I now get asked all the time, if I’d like another one. Perhaps if I was younger. If the others were older, maybe. But not now.

Model Sarah Morrissey (right) this week said she gets asked the baby question all the time, and described the question as “inappropriate”.

Meanwhile, research shows that women without children are not anomalies.

An official US population survey last year found that 47.6pc of women between age 15 and 44 had never had children, up from 46.5pc in 2012.

This represents the highest percentage of childless women since tracking started in 1976. And you’d have to think the numbers can’t be too far off that here.

There may be a controversial reason for not having children,  other than not being able to.
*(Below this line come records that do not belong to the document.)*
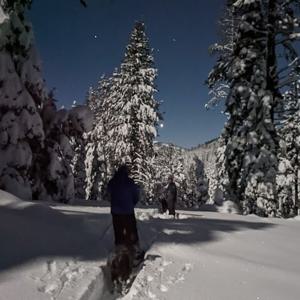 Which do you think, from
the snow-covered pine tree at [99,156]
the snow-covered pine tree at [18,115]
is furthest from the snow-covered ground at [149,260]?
the snow-covered pine tree at [99,156]

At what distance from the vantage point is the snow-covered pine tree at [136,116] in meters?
27.4

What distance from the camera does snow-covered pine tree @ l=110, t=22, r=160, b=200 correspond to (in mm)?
27406

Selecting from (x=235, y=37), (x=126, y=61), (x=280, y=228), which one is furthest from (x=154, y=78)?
(x=280, y=228)

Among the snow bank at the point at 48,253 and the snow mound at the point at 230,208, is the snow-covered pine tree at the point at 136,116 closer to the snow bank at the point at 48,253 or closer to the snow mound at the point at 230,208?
the snow mound at the point at 230,208

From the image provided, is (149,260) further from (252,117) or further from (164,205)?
(252,117)

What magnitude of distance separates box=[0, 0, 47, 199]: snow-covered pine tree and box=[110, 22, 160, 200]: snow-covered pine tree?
40.6 ft

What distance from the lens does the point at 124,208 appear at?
304 inches

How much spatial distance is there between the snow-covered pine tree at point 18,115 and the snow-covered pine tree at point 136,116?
40.6 feet

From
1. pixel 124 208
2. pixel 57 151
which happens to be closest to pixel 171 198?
pixel 57 151

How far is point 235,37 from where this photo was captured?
1638cm

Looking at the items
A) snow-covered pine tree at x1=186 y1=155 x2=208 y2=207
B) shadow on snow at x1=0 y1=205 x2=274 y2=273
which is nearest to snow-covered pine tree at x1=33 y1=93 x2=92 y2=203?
shadow on snow at x1=0 y1=205 x2=274 y2=273

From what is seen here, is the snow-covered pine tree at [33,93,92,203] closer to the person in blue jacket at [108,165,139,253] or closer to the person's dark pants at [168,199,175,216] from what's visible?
the person's dark pants at [168,199,175,216]

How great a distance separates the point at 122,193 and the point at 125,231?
2.49 ft

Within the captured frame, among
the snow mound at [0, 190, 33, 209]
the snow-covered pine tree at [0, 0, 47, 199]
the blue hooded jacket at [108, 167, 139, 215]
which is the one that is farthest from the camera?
the snow-covered pine tree at [0, 0, 47, 199] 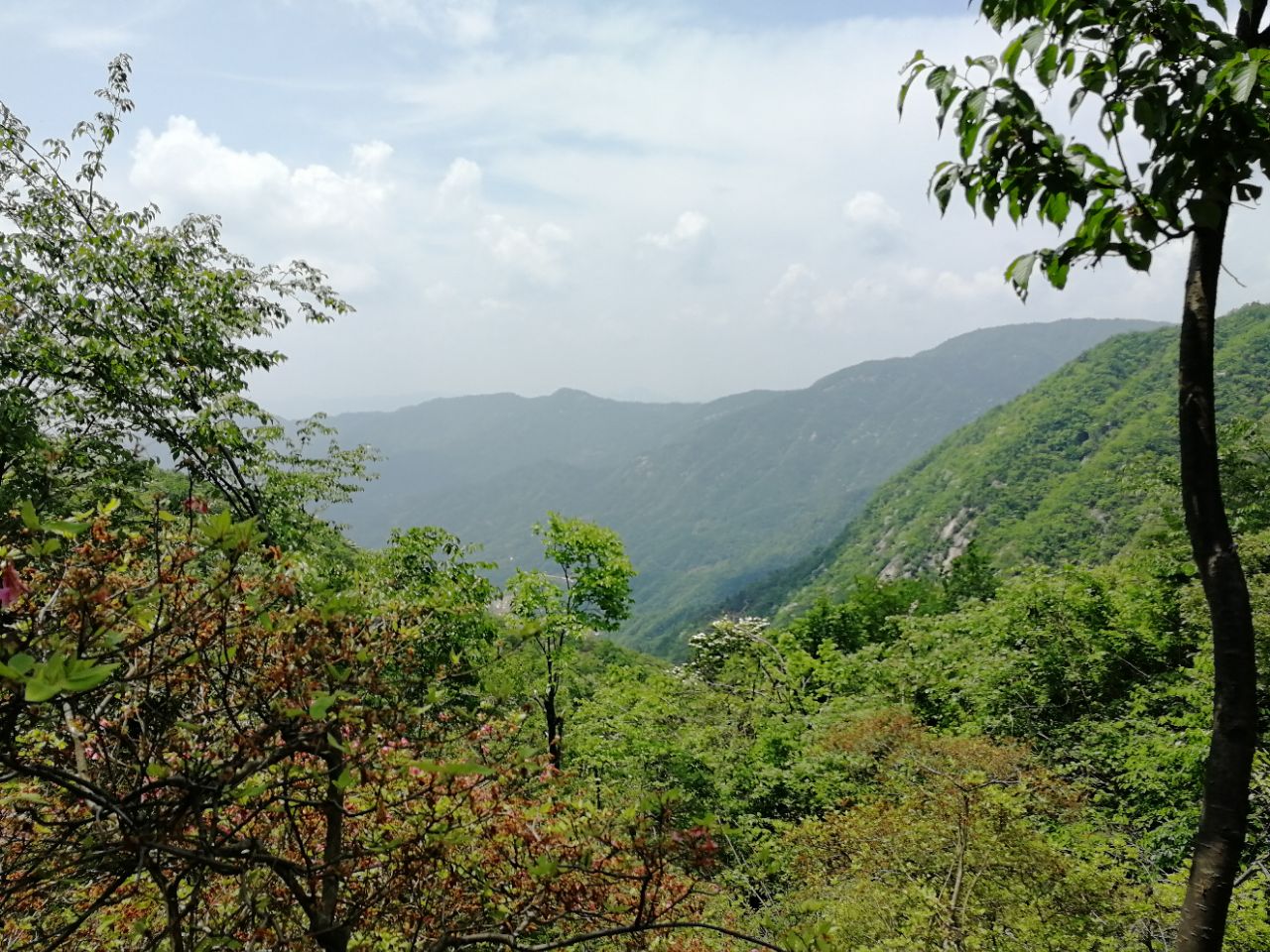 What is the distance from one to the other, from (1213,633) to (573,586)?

In his book The Intelligence Paradox psychologist Sanatoshi Kanazawa suggests that for every 15 IQ points a woman has, her maternal urge drops by 25pc.

Colette Fitzpatrick
Colette Fitzpatrick

In other words, the smarter a woman is, the less likely it is that she will want to have kids.

Aside from that theory, there’s some other reasons – maybe some women don’t like children. Maybe they realise that paid maternity leave, flexible work schedules and subsidised childcare are a pipe dream.

You don’t need to give birth to be a real woman. You’re not selfish or immature and your world can make perfect sense.

And when you are of child- bearing age, you certainly don’t need anyone asking what the score is with your womb.